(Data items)
§ §
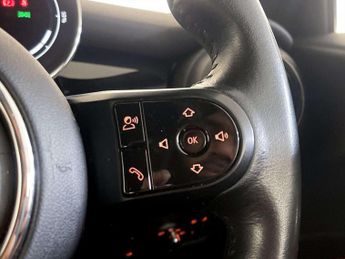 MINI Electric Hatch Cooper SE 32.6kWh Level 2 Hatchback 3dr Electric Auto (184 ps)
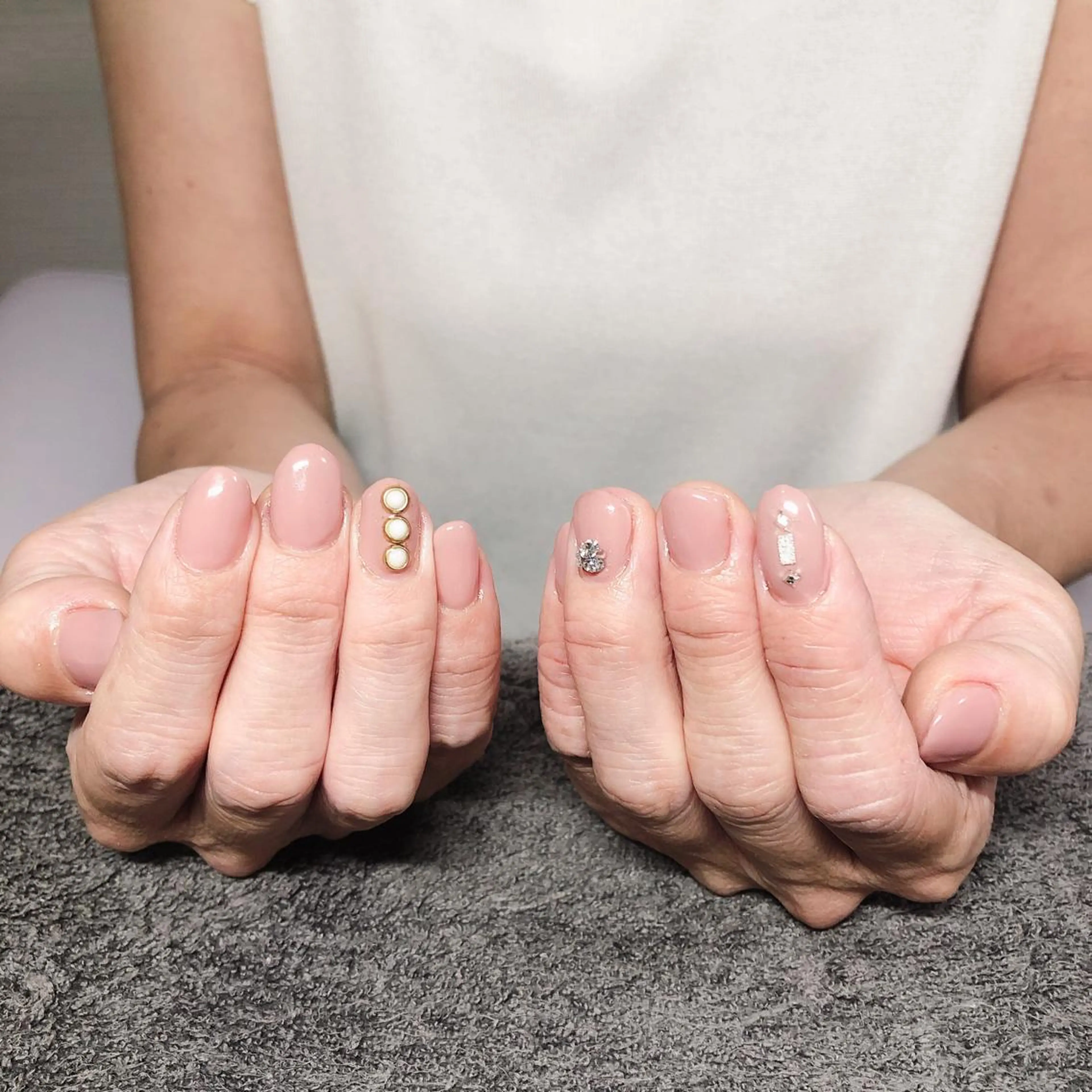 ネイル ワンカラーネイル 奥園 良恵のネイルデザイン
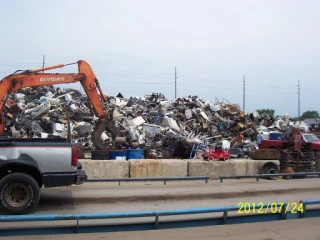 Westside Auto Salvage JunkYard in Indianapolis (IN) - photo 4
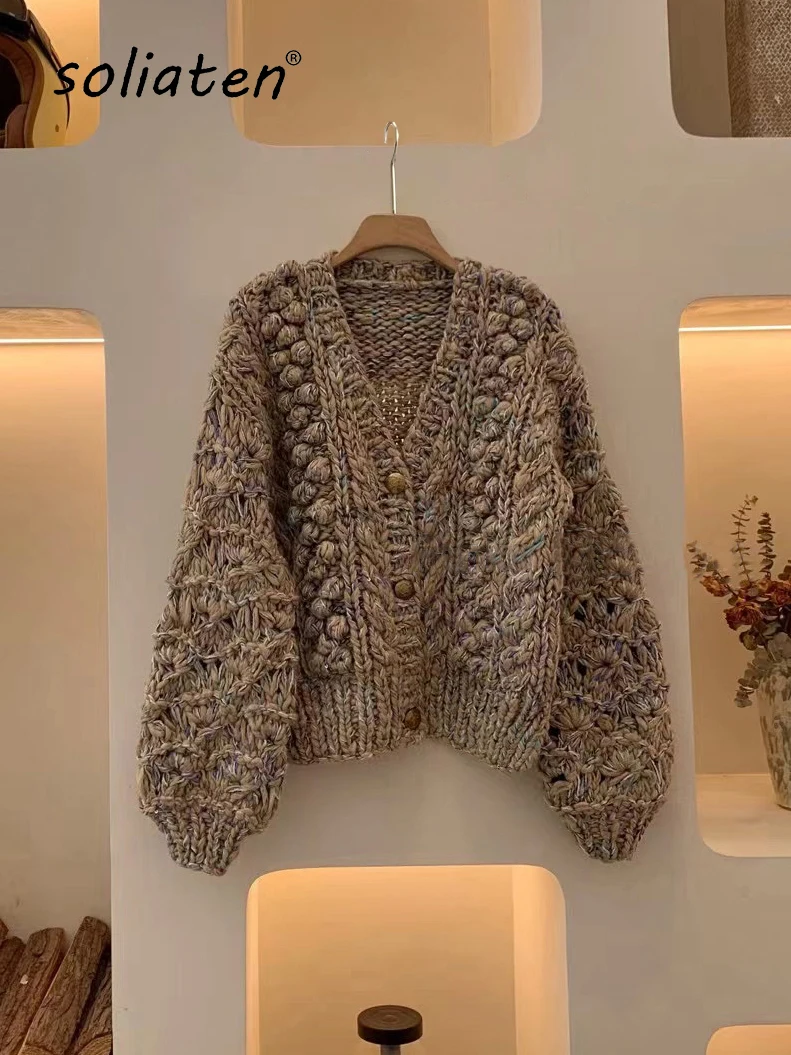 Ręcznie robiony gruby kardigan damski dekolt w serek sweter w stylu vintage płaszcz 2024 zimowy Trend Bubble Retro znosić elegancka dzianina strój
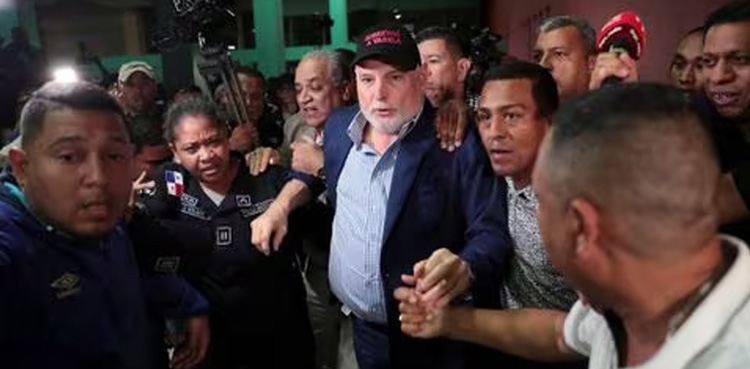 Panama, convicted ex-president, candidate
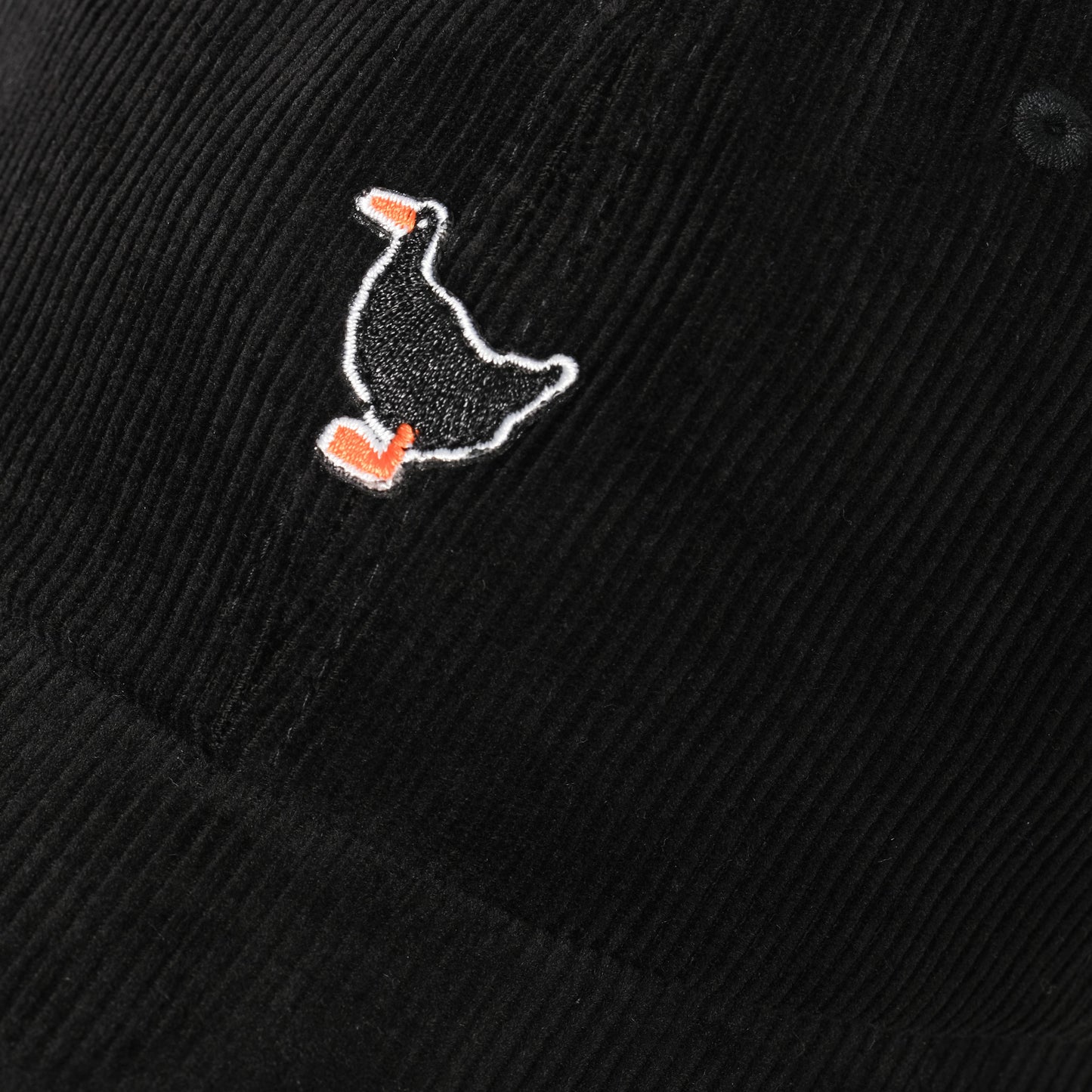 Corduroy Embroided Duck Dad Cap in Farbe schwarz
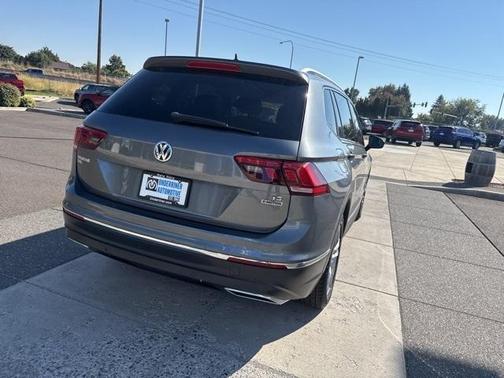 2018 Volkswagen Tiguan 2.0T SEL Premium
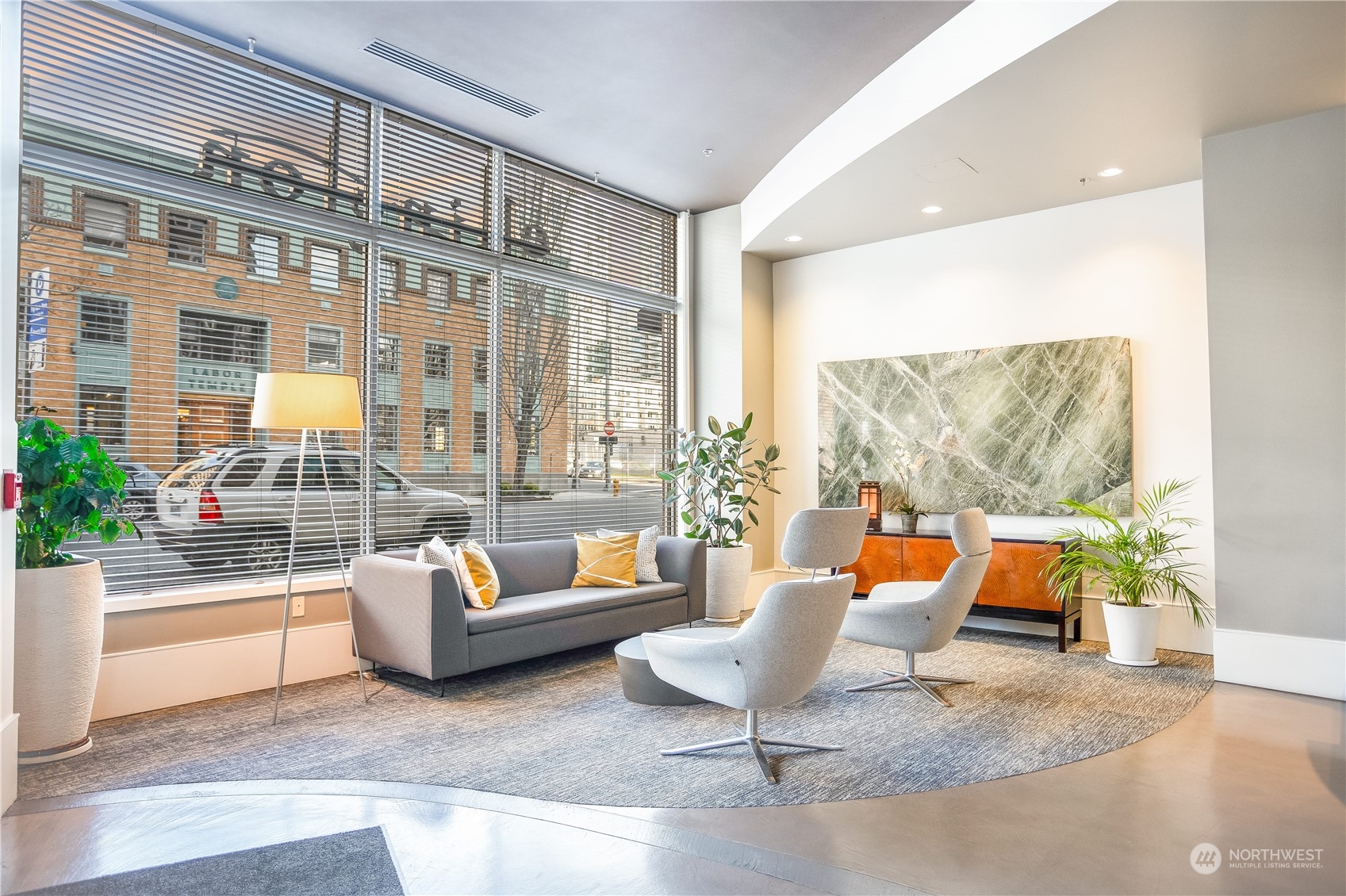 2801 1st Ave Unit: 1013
§ §
For each entry above, write it out again exactly but leave out any picture.

 MINI Electric Hatch Cooper SE 32.6kWh Level 2 Hatchback 3dr Electric Auto (184 ps)
 ネイル ワンカラーネイル 奥園 良恵のネイルデザイン
 Westside Auto Salvage JunkYard in Indianapolis (IN) - photo 4
 Ręcznie robiony gruby kardigan damski dekolt w serek sweter w stylu vintage płaszcz 2024 zimowy Trend Bubble Retro znosić elegancka dzianina strój
 Panama, convicted ex-president, candidate
 Corduroy Embroided Duck Dad Cap in Farbe schwarz
 2018 Volkswagen Tiguan 2.0T SEL Premium
 2801 1st Ave Unit: 1013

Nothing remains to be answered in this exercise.